Everyone loves a good contest.
At Predictive Analytics World 2012 (or #pawcon if you're on Twitter), Kaggle’s head of analytic solutions, Karthik Sethuraman spoke about “Crowdsourcing Predictive Analytics.” To date, around 30,000 data scientists have signed up on Kaggle to compete for cash prizes. Such competition pushes the edge of the envelop on predictive analytics.
An AllAnalytics blog described some recent competitions, speaking of the value of Kaggle’s diverse talent pool and the competitive dynamics online challenges build. The companies that are highlighted at PAW this year as having tapped Kaggle's data mining competition platform clearly benefited from creative solutions.
Kaggle winners most often use highly customized solutions
When I asked Mr. Sethuraman how much he thought Kaggle spurs innovation among mainstream analytics vendors, he replied, “We don't directly work with analytic vendors to improve their offerings. That said, most of the competitions push the boundaries of existing algorithms and many contestants either invent their own machine learning algorithm or refine existing ones.
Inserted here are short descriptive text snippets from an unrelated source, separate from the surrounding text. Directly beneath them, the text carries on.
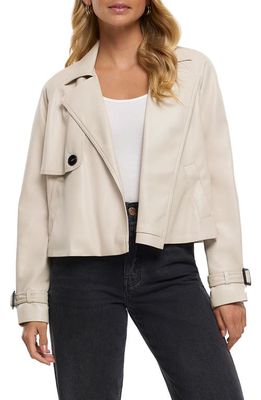 River Island Faux Leather Crop Trench Coat in Cream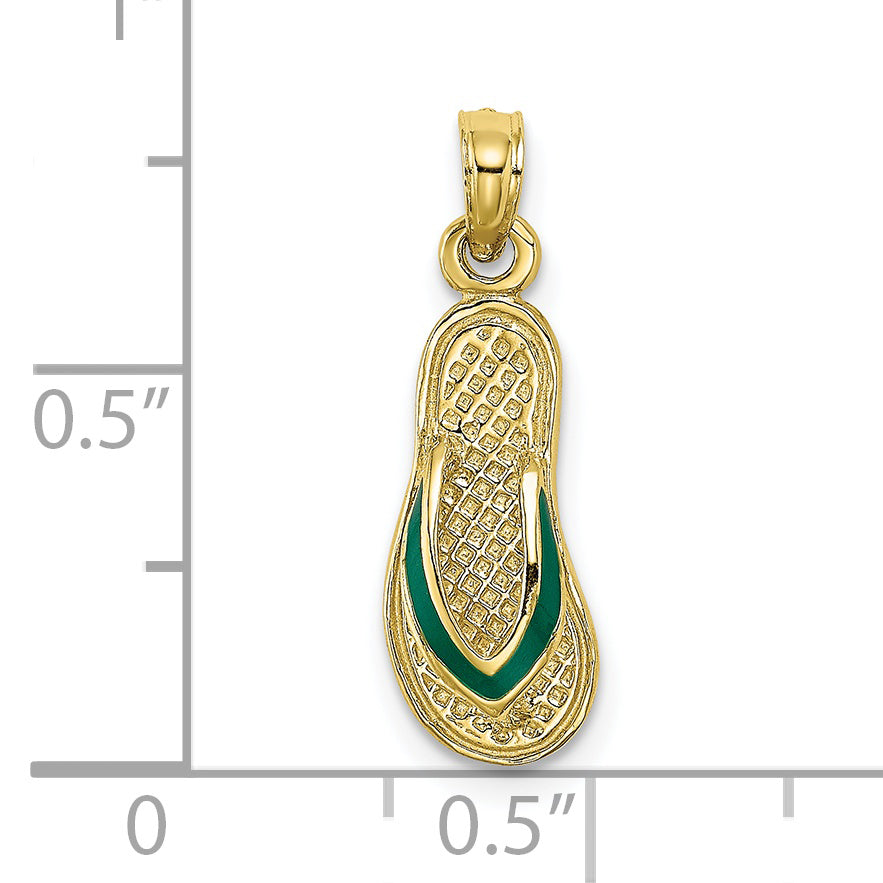 10K 3D W/ Green Enamel Single Flip-Flop Charm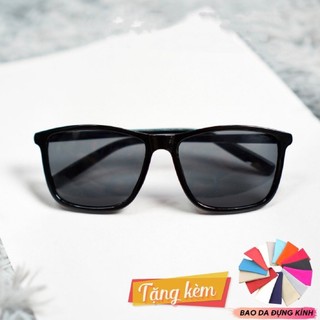 Mắt Kính Râm Nam Nữ Chống Tia UV Kính Mắt Thiết Kế Đơn Giản, Gọng Kính Trơn Thanh Lịch - TÂY ĐEN+B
"For example, in the Wikipedia contests, one of the contestants made refinements to the standard Random Forest algorithm to give him the much needed edge over other contestants. Through our blog and our participation in various analytic conferences, we disseminate the latest and greatest approaches that people use to develop predictive models. Analytic vendors, through this feedback, can refine their existing algorithms or include the upcoming and promising ones."
In 2011, when I heard Kaggle founder, Anthony Goldbloom, speak to analytics practitioners, he said the majority of award winners reported that they used SAS Analytics in their winning entry. It's great knowing that so many of the winning analytic contestants are SAS customers.
I was curious about how much predictive analytical work comes through Kaggle, rather than being handled by in-house teams or consultants. Mr. Sethuraman said, “This is hard to answer as we are still running pilot projects for many clients. However, it is fair to say many of the clients realize -- when it comes to predictive model development -- the Kaggle's platform is better, faster and cheaper. So we anticipate more of the analytic work will be done through Kaggle while the analytic teams at the client will take on a more strategic role by focusing on the key business problems to solve through superior analytics.”
It isn't all about winning or losing. It's about having fun, and do you have fun when you lose?